There is something about hearing another person’s voice, the pauses and tension, their body language, the way the air fills with the words that have been spoken. The sound vibrations in the air bouncing between us. There is a harmony, a resonance in a conversation with another person who knows from their own experience what you’ve been through. It is a sweet relief tinged with pain, because you don’t wish this difficulty on anyone. Yet, there it is lingering between you, the pieces of our stories which are the same. They click into place, we find a place to rest, fitting next to each other.
Hearing the stories of other women helped me sort out my own. It was too much to understand all those pieces, little and enormous, that fit together as abuse. Labeling it abuse was an after the fact realization.
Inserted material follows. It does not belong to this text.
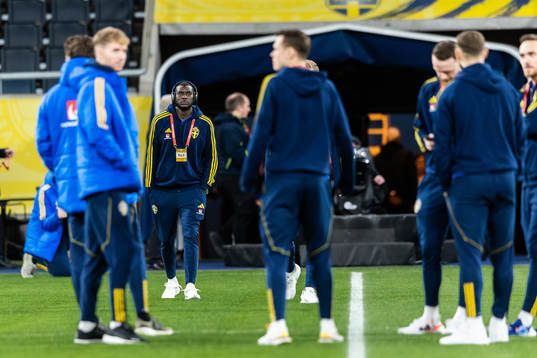 Ken Sema of Sweden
A friend described it this way – things happen that just don’t seem right, but you can’t put your finger on it. You might even ask someone what they think. They think it’s weird too, but not serious. So you set that incident aside and move on. A little while later another strange incident occurs, and again not sure what to do, and even maybe embarrassed by it, you set that aside too. After so many years you don’t even realize that the pile of incidents is enormous and looming. Then there’s the day when you see the pile, even though it’s always been there YOU SEE IT – it clicks.
Here are a few incidents to bounce between us:
-While out for date night I bring up an issue of concern. He disagrees and I won’t drop it, he drives wrecklessly; speeding through streets, barely yielding at stop signs, ignoring my requests that he slow down. When we get home my heart is pounding and I’m scared. He acts like nothing happened.
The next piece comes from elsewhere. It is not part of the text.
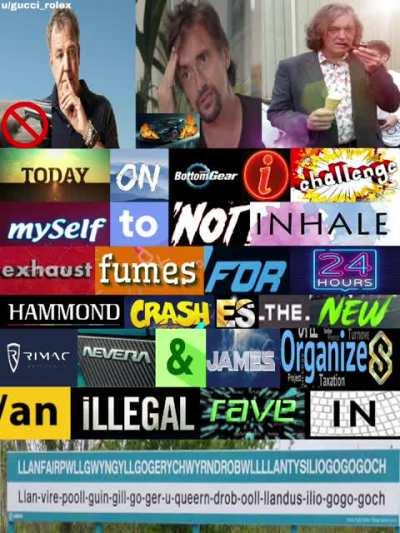 You are all invited to James' rave m8s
-We agreed that he would help around the house by taking out the trash. If I mention that the trash is full, he waits at least another day to take it out.
-When I tell him the kids need new clothes and ask what we can afford to spend he says, “If they need clothes, they need clothes. Just spend as little as possible.” I shop at Target and second hand stores. When he finds out how much I’ve spent he lectures me.
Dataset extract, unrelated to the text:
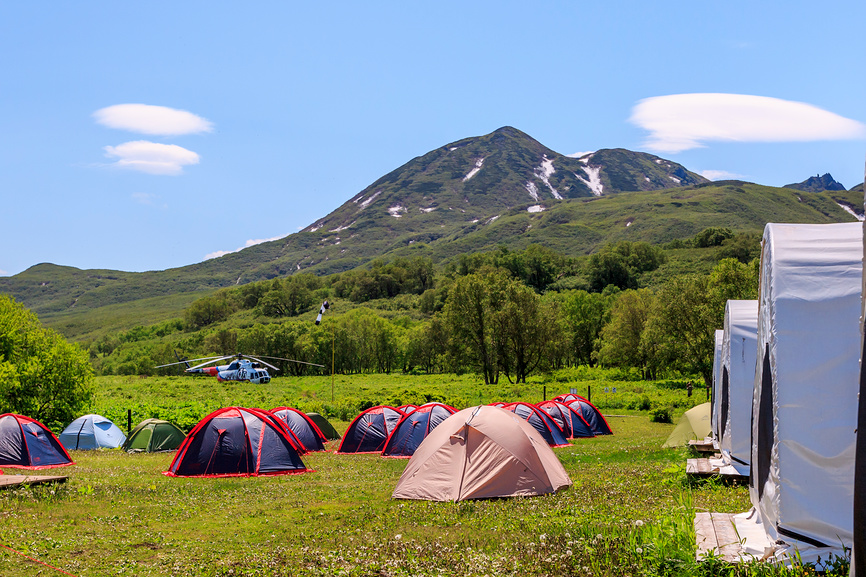 отдых в кемпинге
-When we’re eating dinner he’ll frequently ask the kids questions like, “Do you know who the first astronaut was?” These questions are usually far beyond their capacity. When they answer wrong or say they don’t know he takes pleasure in giving long explanations to show how much he knows. Which has the added influence of making the kids feel like they aren’t intelligent.
-When I make the commitment to a big project that I’m excited about he says, “Are you sure you can handle that commitment? Is that going to be too much for you?” Throughout the project, he questions my ability to complete it or handle other responsibilities at the same time. When it’s done, and done well, he says, “Wow, great job, honey. I didn’t think you could pull it off!” This leaves me feeling hurt, but wondering why, since he just complimented me, right?
-When we’re out with friends, or at other social engagements, in conversation he often cuts me off or talks over me. I feel so horrid about how embarassing this is in public situations that I smile and act like it doesn’t bother me.
You are not the casing, you are not all these incidents that surround you. Please let these truths click – You are inside there, somewhere deep down. These things that happen are not you. They do not say anything about how valuable you are. They say something about the person who does them, not who he does them to.
“For God hath not given us the spirit of fear; but of power, and of love, and of a sound mind” 2 Tim1:7.